市場創造型

 市場創造型の特徴は、儲ける仕組みは基本的に既存のものと変わりないが、これまで必要とされていながら満たされていなかったニーズやウオンツに着目して、新製品を開発するプレイヤーである。さらに、消費者がこれまで気づいていなかった新しい機能を付加して、消費者に気づきを促すといった提案型の製品やサービスを開発するプレイヤーである。

 例えば、JINSのパソコン用メガネは、メガネのコアとなっている機能の「視力矯正」をパソコンのブルーライトをカットすることで「目を守る」という新しいコンセプトの製品を開発し、大ヒット商品となった。これは従来のメガネ市場とは異なった新しい市場を創造したものであり、飽和状態になっているメガネ市場全体を拡大視する効果があった。

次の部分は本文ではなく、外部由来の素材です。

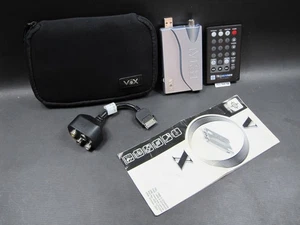 Vintage MSI VOX USB 2.0 TV Box MSI TV Tuner Rare - Picture 1 of 11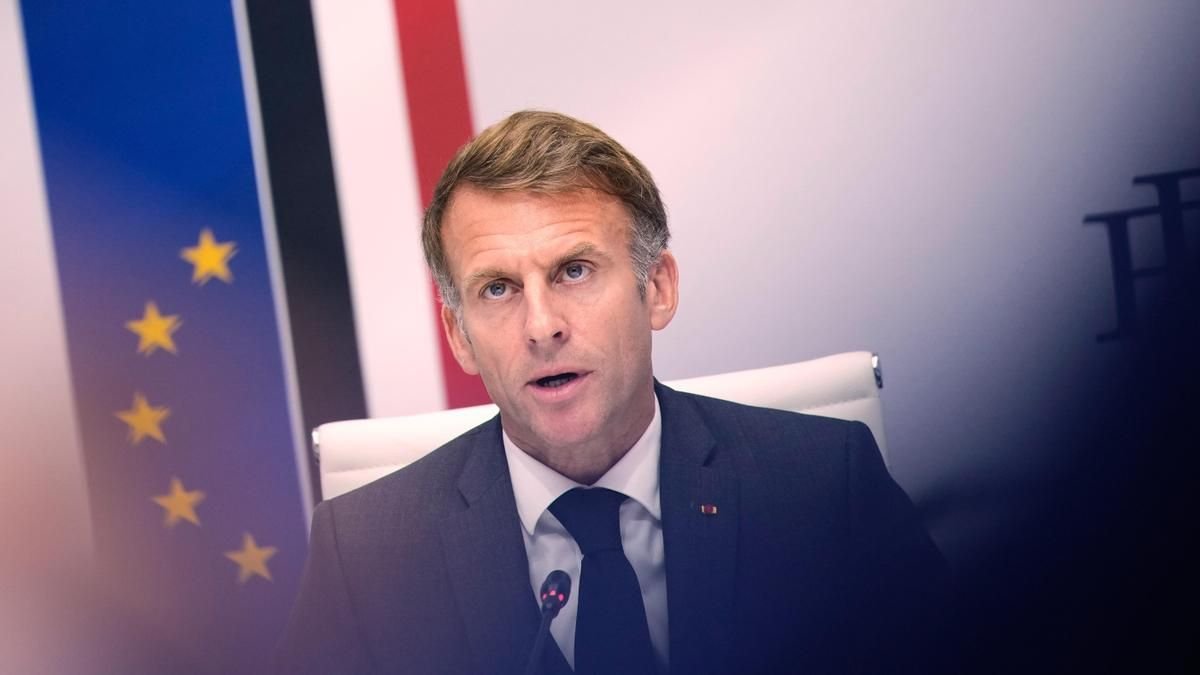 El gobierno de francia prohibirá las protestas sin aval sindical tras la reciente ola de violencia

 東進ハイスクールも、既存の予備校が採用している集合講義方式を衛星を使った講義方式にかえ、好きな時に質の高いオンデマンド型講義にすることで、現役生や地方在住の受験生の不便を解消することを狙った。既存の予備校がすぐに追従しようとしても、既存の教室を廃止したり抱えている講師陣を解雇することができないため、かなりの脅威である。

 青山フラワーマーケットが打ち出したコンセプトもこれまでのものとは一線を画している。これまで既存の生花店がターゲットとしていたのは、冠婚葬祭や贈答用といった法人の需要以外では、誕生日や結婚記念日、発表会などの私生活のイベントで使われることが殆どであったため、花は日常生活で使ってもらいたいという思いを込めたものであった。

 こうした提案を消費者に受け入れてもらうためには、まず、低価格で販売すること、日常生活で行き来する同線上に店舗を構えることが必要であると考え、これまでの生花店とは異なり、乗降客の多い駅なかや、人通りの多い場所に店舗を構えることにした。そのため、賃借料単価は高くなるが、その分坪数を押さえて、ストッカーなどの設備をなくした。

 その結果、その日に仕入れた商品はその日に売り切ることを実現できたので、つぼみの状態で仕入れていた時とは異なり、格安で仕入れることが可能となった。このように、「花は非日常的なもの」という習慣を「日常的に使うもの」というコンセプトで、商品づくりや店づくりをしたことが、消費者が気づいていなかったニーズを具体化することができた。